German Startup Has Created Carbon-Neutral Diesel From CO2, Water, And Renewable Power

The technology is there. The big challenges will be finding customers and dealing with government regulations.

If you were to draw up a list of really useful inventions that could help fight climate change, a CO2-neutral fuel that can be used in conventional automobiles might be somewhere near the top. If we could continue using today’s cars without producing carbon emissions, that would be a big step forward, both economically and environmentally.

So, news that a German startup is successfully producing hundreds of liters of CO2-neutral fuel is a big deal—even if there are reasons to be skeptical at this stage.


The technology comes from a company called Sunfire, in Dresden, Germany.
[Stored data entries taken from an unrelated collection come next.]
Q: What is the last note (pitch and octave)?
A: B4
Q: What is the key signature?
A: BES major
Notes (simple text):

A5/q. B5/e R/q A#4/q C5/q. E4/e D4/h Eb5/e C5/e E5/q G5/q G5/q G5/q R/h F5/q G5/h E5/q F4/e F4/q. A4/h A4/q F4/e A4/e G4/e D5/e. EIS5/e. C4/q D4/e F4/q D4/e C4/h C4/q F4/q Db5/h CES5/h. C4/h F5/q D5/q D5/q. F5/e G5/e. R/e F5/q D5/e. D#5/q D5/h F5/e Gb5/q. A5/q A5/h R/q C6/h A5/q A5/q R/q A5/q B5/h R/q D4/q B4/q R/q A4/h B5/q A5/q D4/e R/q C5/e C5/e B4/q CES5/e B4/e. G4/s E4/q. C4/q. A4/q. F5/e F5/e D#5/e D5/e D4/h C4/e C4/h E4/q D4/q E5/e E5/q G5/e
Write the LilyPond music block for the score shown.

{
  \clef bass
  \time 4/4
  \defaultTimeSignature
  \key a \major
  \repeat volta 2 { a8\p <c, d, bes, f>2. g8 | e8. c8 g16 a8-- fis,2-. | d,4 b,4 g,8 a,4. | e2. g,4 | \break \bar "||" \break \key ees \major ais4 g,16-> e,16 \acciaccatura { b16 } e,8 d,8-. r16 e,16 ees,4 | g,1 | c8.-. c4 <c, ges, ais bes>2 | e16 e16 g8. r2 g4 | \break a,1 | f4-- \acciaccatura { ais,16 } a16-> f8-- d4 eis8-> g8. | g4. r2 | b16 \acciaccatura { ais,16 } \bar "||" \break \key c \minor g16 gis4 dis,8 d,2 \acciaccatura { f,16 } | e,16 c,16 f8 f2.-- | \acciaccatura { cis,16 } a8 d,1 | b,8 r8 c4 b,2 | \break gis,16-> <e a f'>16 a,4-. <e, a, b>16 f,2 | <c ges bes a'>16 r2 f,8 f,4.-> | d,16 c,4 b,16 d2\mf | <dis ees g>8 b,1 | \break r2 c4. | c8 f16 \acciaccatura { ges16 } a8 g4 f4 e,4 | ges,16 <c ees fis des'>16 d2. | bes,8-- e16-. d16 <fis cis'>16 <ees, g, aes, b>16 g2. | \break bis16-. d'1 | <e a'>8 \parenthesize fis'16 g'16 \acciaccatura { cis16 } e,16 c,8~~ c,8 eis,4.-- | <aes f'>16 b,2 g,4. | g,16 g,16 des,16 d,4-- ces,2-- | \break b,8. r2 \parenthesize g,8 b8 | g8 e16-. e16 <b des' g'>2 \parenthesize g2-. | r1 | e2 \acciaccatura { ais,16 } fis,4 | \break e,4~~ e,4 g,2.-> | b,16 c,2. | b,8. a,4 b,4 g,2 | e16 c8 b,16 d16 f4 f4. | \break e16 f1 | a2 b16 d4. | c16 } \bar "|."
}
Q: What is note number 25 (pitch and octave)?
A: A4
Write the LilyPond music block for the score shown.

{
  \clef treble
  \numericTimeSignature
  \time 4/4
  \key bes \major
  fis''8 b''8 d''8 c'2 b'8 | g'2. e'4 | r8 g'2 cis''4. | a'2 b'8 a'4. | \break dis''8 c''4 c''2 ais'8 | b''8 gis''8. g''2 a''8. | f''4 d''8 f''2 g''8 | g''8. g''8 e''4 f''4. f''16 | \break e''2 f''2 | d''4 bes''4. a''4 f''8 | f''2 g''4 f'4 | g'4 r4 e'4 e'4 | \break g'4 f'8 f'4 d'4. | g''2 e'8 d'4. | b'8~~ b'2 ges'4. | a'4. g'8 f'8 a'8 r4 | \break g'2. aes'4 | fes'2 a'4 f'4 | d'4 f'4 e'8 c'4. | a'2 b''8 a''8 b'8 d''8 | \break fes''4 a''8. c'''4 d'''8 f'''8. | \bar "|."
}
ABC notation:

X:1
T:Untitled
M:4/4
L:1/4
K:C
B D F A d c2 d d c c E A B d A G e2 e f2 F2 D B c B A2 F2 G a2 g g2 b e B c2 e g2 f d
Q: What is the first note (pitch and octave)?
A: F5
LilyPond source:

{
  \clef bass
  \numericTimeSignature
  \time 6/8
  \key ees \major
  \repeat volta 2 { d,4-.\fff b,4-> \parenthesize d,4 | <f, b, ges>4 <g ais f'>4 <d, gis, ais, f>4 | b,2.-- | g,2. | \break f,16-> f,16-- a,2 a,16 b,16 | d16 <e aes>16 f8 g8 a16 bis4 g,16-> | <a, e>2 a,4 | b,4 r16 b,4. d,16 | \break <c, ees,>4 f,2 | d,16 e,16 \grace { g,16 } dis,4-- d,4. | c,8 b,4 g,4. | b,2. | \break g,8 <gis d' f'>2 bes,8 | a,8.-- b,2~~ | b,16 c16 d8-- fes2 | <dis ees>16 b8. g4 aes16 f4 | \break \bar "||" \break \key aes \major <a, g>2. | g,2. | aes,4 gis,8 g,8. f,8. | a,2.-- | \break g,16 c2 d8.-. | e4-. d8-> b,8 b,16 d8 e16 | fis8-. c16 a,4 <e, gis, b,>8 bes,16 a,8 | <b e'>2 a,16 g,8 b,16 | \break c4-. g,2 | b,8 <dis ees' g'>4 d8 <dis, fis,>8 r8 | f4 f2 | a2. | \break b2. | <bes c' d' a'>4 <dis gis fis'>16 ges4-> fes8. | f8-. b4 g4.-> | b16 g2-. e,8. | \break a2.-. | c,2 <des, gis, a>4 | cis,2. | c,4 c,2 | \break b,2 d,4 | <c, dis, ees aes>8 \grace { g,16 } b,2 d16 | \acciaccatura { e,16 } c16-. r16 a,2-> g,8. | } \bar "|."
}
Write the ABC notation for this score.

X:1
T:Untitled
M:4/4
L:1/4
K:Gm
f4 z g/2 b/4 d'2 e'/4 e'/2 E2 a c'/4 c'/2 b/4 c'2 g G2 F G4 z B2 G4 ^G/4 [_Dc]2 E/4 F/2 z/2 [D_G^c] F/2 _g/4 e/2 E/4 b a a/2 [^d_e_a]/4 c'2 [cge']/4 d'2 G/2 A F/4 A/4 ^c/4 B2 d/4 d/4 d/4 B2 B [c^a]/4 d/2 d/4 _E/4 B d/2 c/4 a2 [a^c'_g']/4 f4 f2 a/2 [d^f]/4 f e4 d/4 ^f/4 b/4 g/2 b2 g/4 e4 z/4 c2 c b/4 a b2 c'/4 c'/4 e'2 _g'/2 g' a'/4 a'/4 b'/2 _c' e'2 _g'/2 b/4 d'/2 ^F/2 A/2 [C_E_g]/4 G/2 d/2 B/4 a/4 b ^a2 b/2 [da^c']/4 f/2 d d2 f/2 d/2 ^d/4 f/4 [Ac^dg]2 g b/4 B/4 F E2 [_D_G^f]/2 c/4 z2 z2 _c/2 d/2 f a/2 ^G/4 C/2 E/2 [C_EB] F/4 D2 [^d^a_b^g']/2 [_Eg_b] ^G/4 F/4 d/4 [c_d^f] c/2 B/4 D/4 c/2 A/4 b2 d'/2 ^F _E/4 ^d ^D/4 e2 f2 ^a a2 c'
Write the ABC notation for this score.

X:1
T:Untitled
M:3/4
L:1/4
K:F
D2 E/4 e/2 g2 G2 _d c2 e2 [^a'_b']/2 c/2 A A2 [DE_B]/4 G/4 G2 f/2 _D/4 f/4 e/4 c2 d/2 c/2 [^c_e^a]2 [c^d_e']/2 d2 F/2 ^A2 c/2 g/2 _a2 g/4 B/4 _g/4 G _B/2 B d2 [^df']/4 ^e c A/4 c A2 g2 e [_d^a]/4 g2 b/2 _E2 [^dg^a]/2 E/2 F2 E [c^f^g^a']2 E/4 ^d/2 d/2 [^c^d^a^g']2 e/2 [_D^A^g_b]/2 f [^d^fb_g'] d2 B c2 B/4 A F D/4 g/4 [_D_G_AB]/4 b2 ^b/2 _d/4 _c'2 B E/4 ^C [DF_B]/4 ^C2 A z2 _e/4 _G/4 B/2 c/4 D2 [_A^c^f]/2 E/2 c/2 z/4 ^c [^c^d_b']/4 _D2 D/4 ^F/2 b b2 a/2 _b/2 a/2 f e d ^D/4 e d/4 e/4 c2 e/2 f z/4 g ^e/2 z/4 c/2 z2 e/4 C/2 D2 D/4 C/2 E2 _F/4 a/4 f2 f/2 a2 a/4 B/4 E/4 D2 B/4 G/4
Together with Audi, Sunfire built a pilot plant that produces high-grade diesel using only renewable electricity, CO2, and water.

Using a form of electrolysis, Sunfire first splits water into hydrogen and oxygen. Then it takes CO2 and combines it with hydrogen to create a hydrocarbon (the fuel). Each step is powered by renewables, such as solar or wind—hence the CO2-neutral claim.

To demonstrate how the fuel works, the company recently put five liters into the official car of Germany’s education and research minister, Johanna Wanka. “If we can make widespread use of CO2 as a raw material, we will make a crucial contribution to climate protection and the efficient use of resources,” she said, trumpeting the technology.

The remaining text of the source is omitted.